The Mind has been viewed in two parts by the yogis. The manifest mind is known as ashuddha, the impure mind. Why is it impure? Because of its distractions in the world of senses and objects. Due to these distractions, the mind does not have the ability to naturally express its qualities and therefore experiences stress. Thoughts remain unclear. There is no clear direction for our actions and motivations. We are influenced by attractions and dislikes and we are aware of the surface currents which disturb our entire life process.
The shuddha or pure mind is the second half which is the developed, harmonized and concentrated mind. This pure mind relates more to the spiritual dimension and its interaction with the external world. In order to give you the experience of the inner mind and the ability to harmonize the external mind so that you are free from the different influences and stresses of life, yoga speaks of the techniques of pratyahara, dharana, and dhyana.
I have mentioned that the aim of yoga is meditation; what is meditation? Meditation is the realization of mind, but not mind as an independent unit, rather mind as part of the physical structure and the spiritual dimension. This should be understood carefully. Most of the time, the mind is relating to the external world and when we try to become aware of the inner dimension it takes a lot of effort from our side, and so we encounter certain states which we are not able to understand rationally.
However, it is not just a question of understanding the mental states of meditation. We have to make the effort to bring the higher realization into our daily activity. That realization then manifests in the form of refined qualities, refined behavior and interaction with the world, and a deep understanding. When we have these things in our life, and we are experiencing them, then that state is similar to the state of realization. This spiritual realization is the system of Vedanta where one does not only relate to a state of experience intellectually but one lives it.

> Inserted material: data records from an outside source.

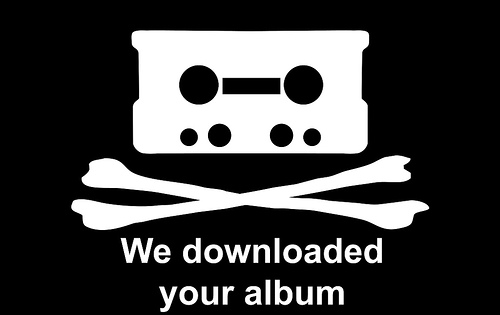 Pirating for Innovation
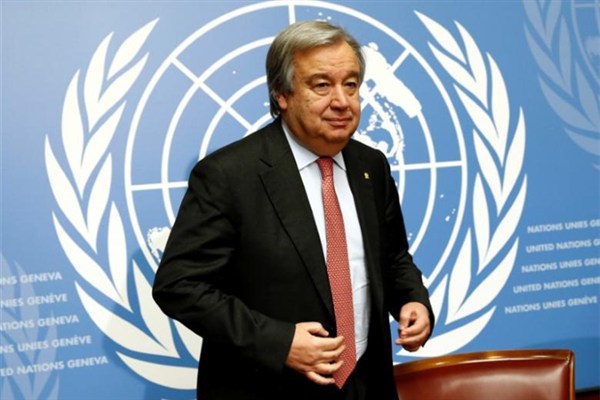 دبیر کل جدید سازمان ملل متحد از کجا می‌آید؟
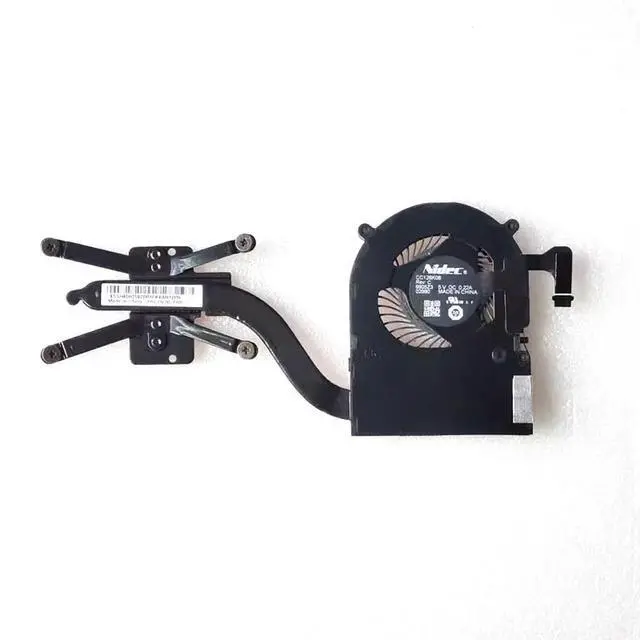 Alt view image 2 of 2 - For Thinkpad X1 Yoga X1 Carbon 4th Cooling Fan 00JT800 01AW976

Please remember that it is not necessary for every teacher to have actually experienced that spiritual realization. A professor who teaches atomic theory in the university does not necessarily have the experience of the atomic systems. You have to experiment yourself in order to have that realization of atomic principles. In the same way, with yoga or meditation, it is necessary that you make the effort to realize that inner experience.
The systems of pratyahara, dharana, and dhyana enable one to come to that level of understanding and to realize and apply that experience in normal life. Pratyahara is a method by which we begin to gradually observe the activities of the mind in relation to the external world. We learn how to avoid the stresses and tensions which affect the sensitivity of our personality and nature. After we have come to this point of managing the external interactions of mind we move into the practices of dharana. Dharana means gaining the ability to focus our attention at one point without distractions.
Dharana means gaining the ability to focus our attention at one point without distractions. After we attain perfection in this state of meditation we move into dhyana. In dhyana, we begin to change the nature and the quality of the mind. Once the nature and quality of the mind changes then its manifestations in the external life becomes different.
Then comes samadhi which means total inner harmony and union with the inner self so that the external nature and the internal nature are in harmony with each other.